Industrial Fractional Distillation
Typical industrial fractional distillation columns
Distillation is the most common form of separation technology used in petroleum refineries, petrochemical and chemical plants , natural gas processing and cryogenic air separation plants.[2][3] In most cases, the distillation is operated at a continuous steady state. New feed is always being added to the distillation column and products are always being removed. Unless the process is disturbed due to changes in feed, heat, ambient temperature, or condensing, the amount of feed being added and the amount of product being removed are normally equal. This is known as continuous, steady-state fractional distillation.

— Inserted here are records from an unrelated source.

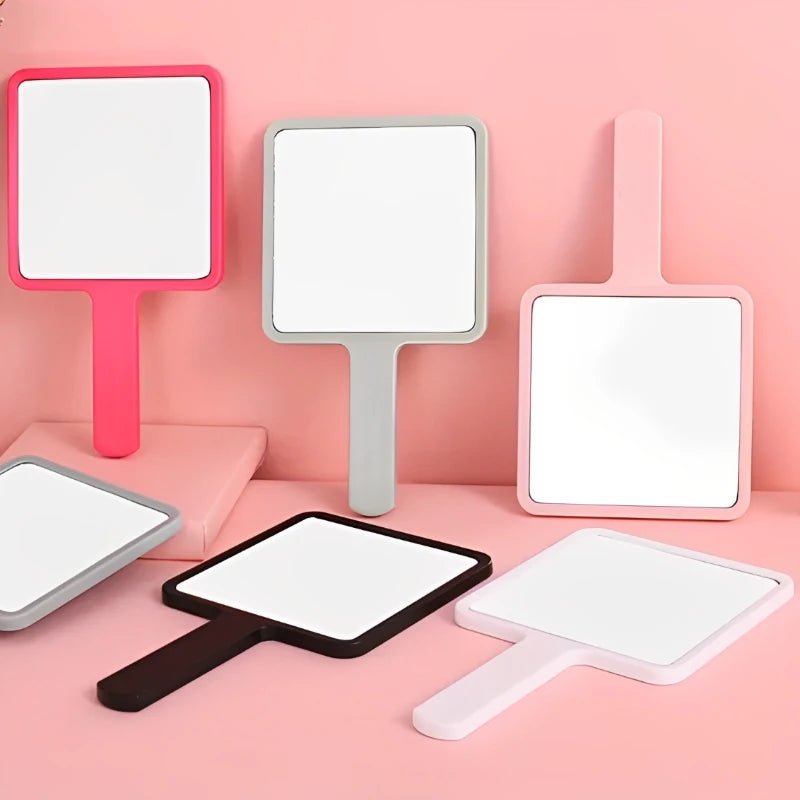 Eyelash Extension Handheld Makeup Mirror Square Vanity Mirror with Plastic Handle Hand High Definition Mirror Beauty Accessories - PrimeNest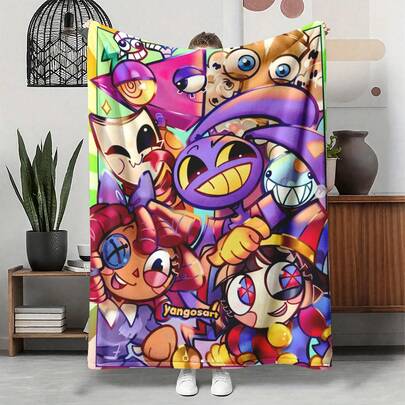 1PC A-Amazing D-Digital Anime Circus Cozy Super Soft Flannel Blanket 50"X60" (Multiple Sizes),-Funny Game Theme Warm Throw Blanket,With For Room Decor,  Couch, Bed, Camping, Travel, Office, Home Nap, Multipurpose Gift Flannel Blanket-280gsm
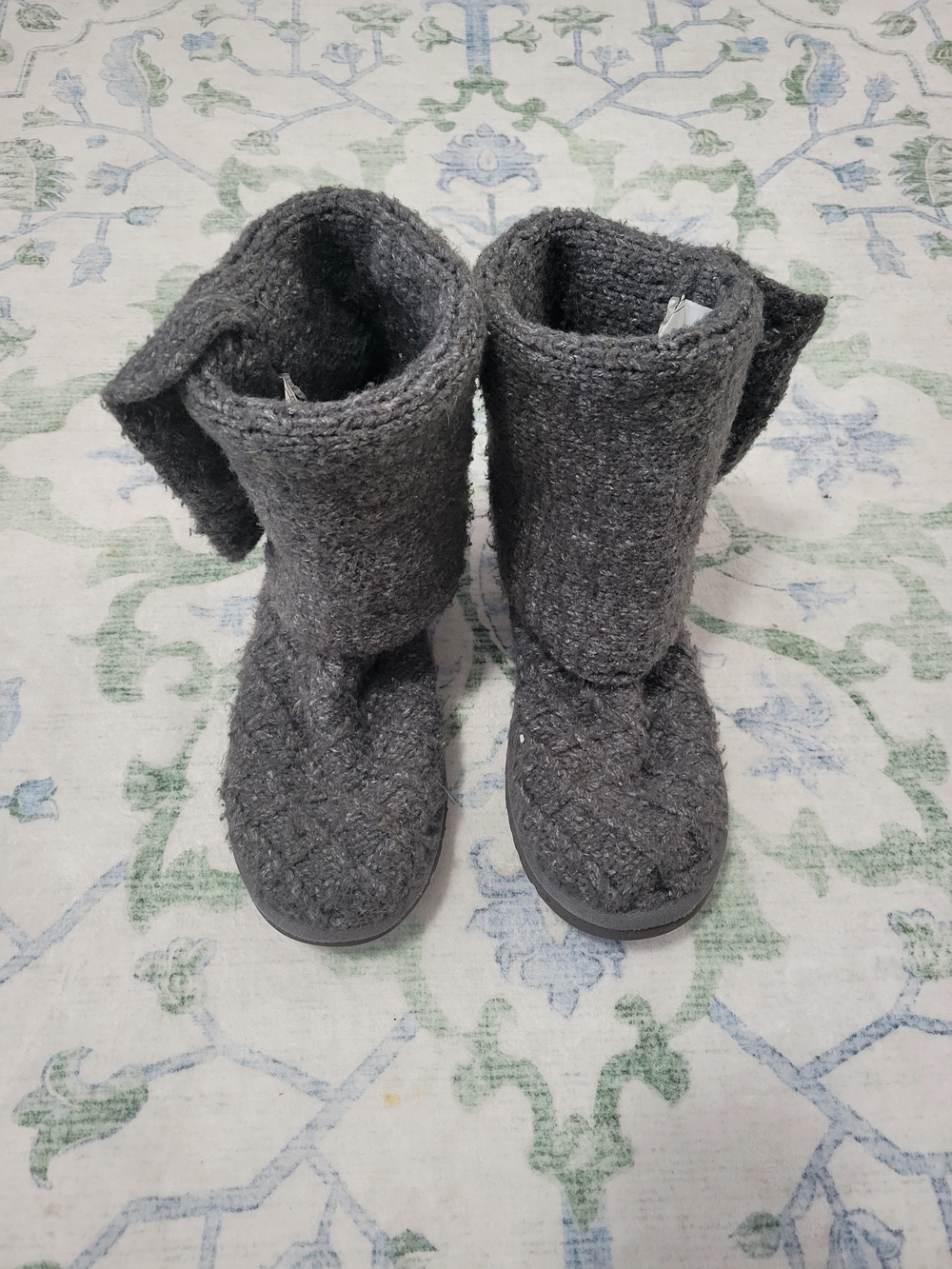 UGG Charcoal Gray Knit Mid-Calf Boots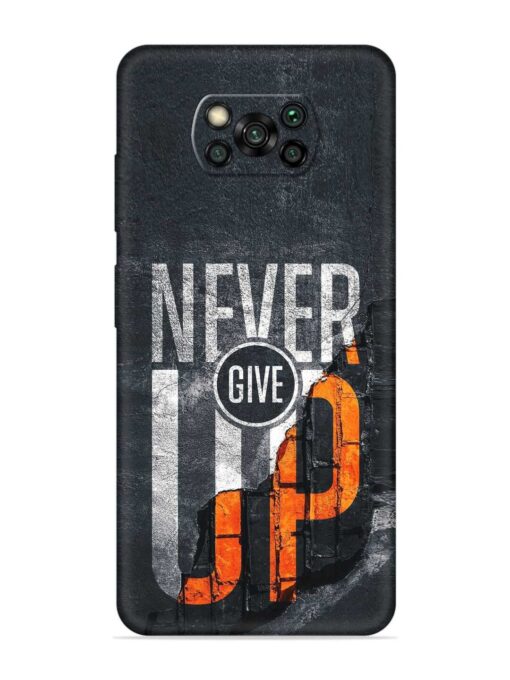 Never Give Up Embossed Soft Silicone Case for Poco X3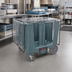Thumbnail image #3 for Cambro Adjustable Dish Rack Dolly with 6 Towers, Vinyl Dust Cover, Slate Blue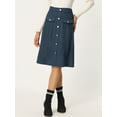 thumbnail image 4 of Unique Bargains Women's Suede Button Front Pockets Decor A-Line Skirts M Dark Blue, 4 of 6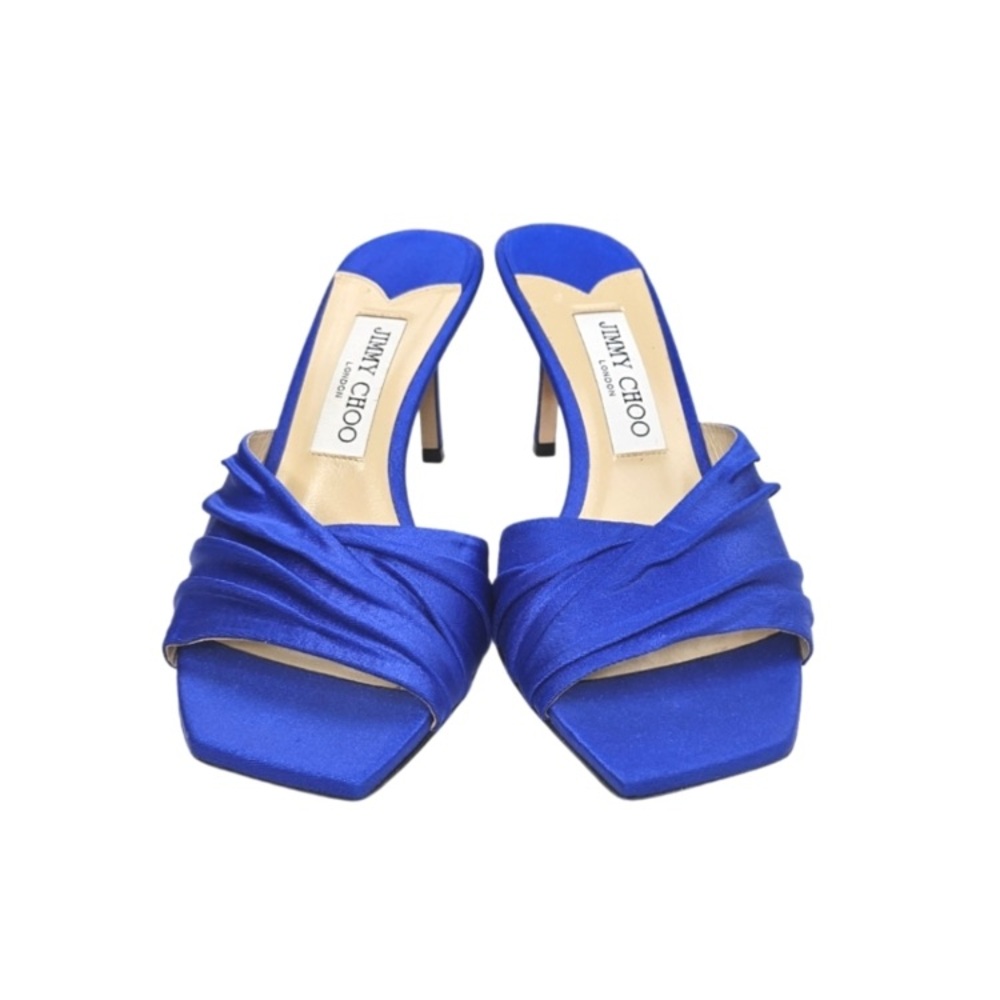 Jimmy Choo Royal Blue Satin Heels - Picture 11 of 11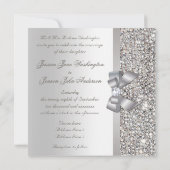 Faux Silver Sequins Bow Wedding Hearts Typografie Kaart (Achterkant)
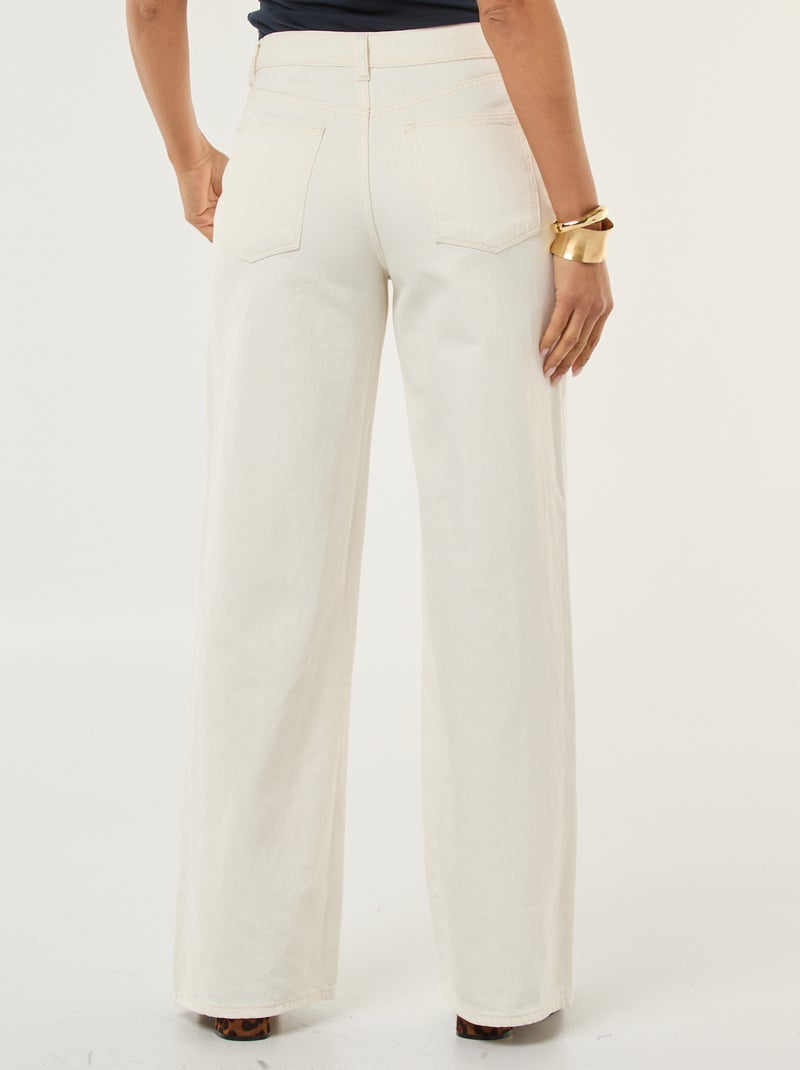 Pantalon denim wide leg - L28 Blanc - Kiabi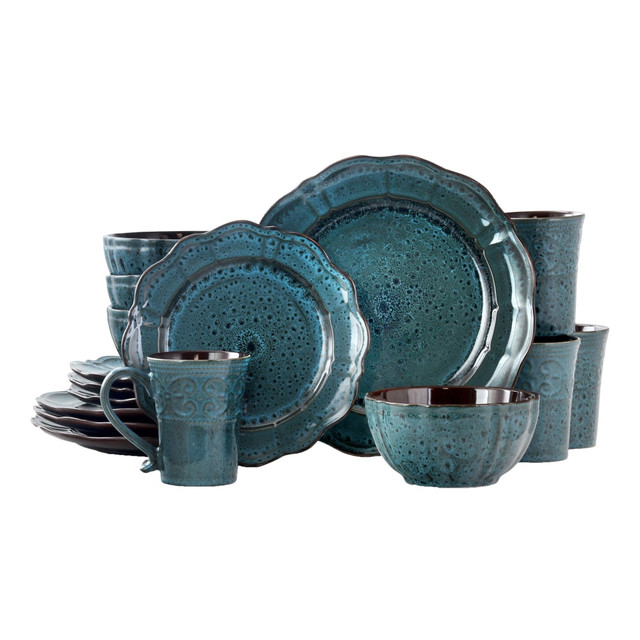 MEGAGOODS, INC. Elama 995112051M  16-Piece Stoneware Dinnerware Set, Lavish Blue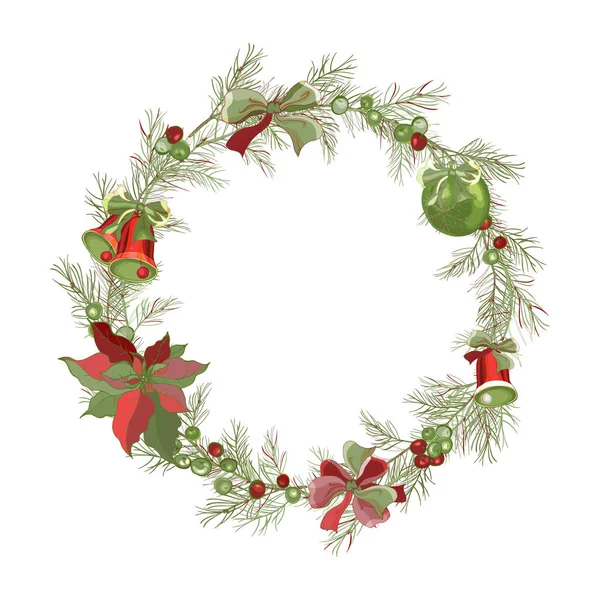 Hand Drawn Christmas Frame Branches Mistletoe Festive Season Design Vector — Stock Vector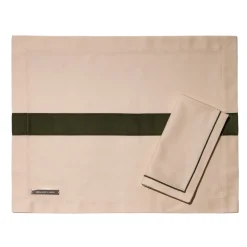 Placemats and Napkins - Beige and Mud Green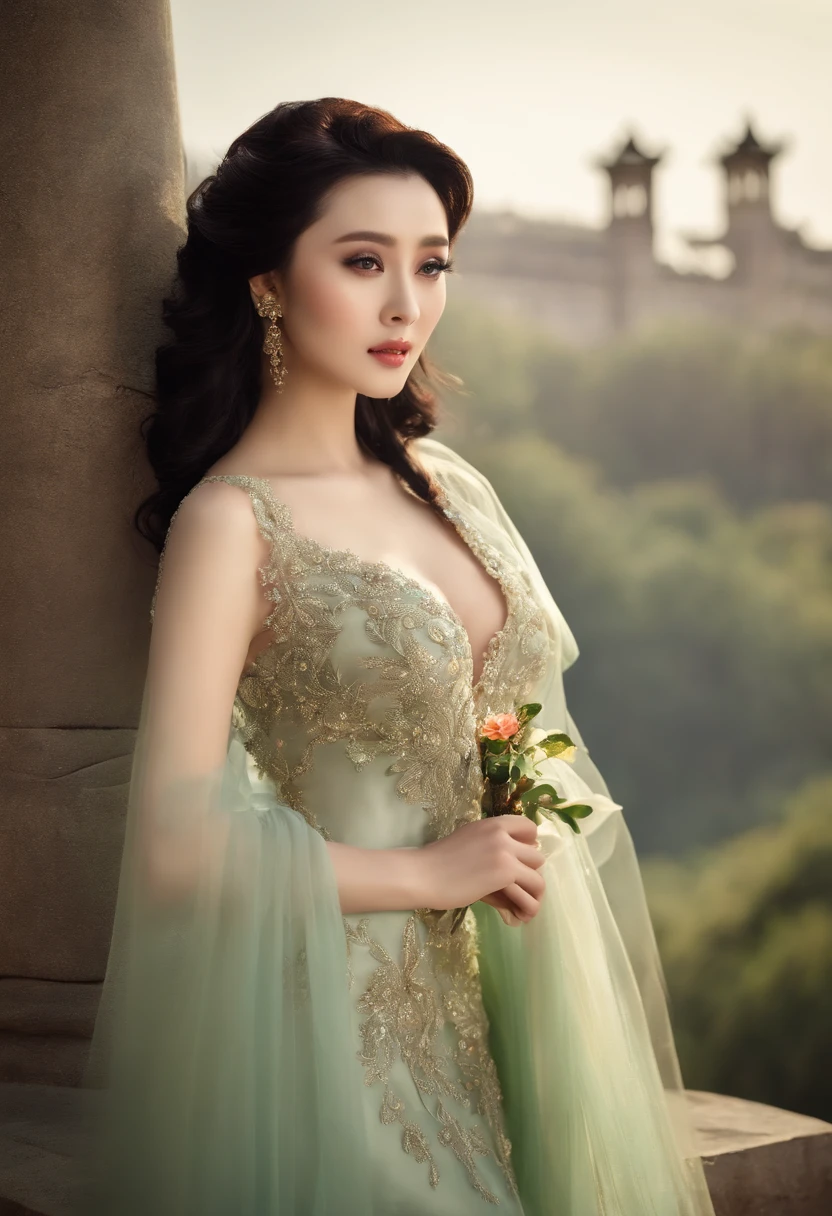 Masterpiece, Best quality, (Photorealistic:1.4), full bodyesbian, (dress:1.1)（evening formal robes：1.1）（Skirt 1 knee length.1）（Wisps 1.1）（Embroidered seedling edge Q1.1）（Soft silk，Shiny） view over city, Cinematic light, Beautiful woman, ((From any direction)),Fan Bingbing's face， sport, Large breasts, Thighs exposed，Elegant temperament，Beautiful gesture，Black hair,Chinese face， rim, Detailed face,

Industrial distillation is typically performed in large, vertical cylindrical columns known as "distillation or fractionation towers" or "distillation columns" with diameters ranging from about 65 centimetres to 6 metres and heights ranging from about 6 metres to 60 metres or more. The distillation towers have liquid outlets at intervals up the column which allow for the withdrawal of different fractions or products having different boiling points or boiling ranges. By increasing the temperature of the product inside the columns, the different hydrocarbons are separated. The "lightest" products (those with the lowest boiling point) exit from the top of the columns and the "heaviest" products (those with the highest boiling point) exit from the bottom of the column.
For example, fractional distillation is used in oil refineries to separate crude oil into useful substances (or fractions) having different hydrocarbons of different boiling points. The crude oil fractions with higher boiling points:
have more carbon atoms
have higher molecular weights
are more branched chain alkanes
are darker in color
are more viscous
are more difficult to ignite and to burn
Diagram of a typical industrial distillation tower
Large-scale industrial towers use reflux to achieve a more complete separation of products. Reflux refers to the portion of the condensed overhead liquid product from a distillation or fractionation tower that is returned to the upper part of the tower as shown in the schematic diagram of a typical, large-scale industrial distillation tower. Inside the tower, the reflux liquid flowing downwards provides the cooling needed to condense the vapors flowing upwards, thereby increasing the effectiveness of the distillation tower. The more reflux is provided for a given number of theoretical plates, the better the tower's separation of lower boiling materials from higher boiling materials. Alternatively, the more reflux provided for a given desired separation, the fewer theoretical plates are required.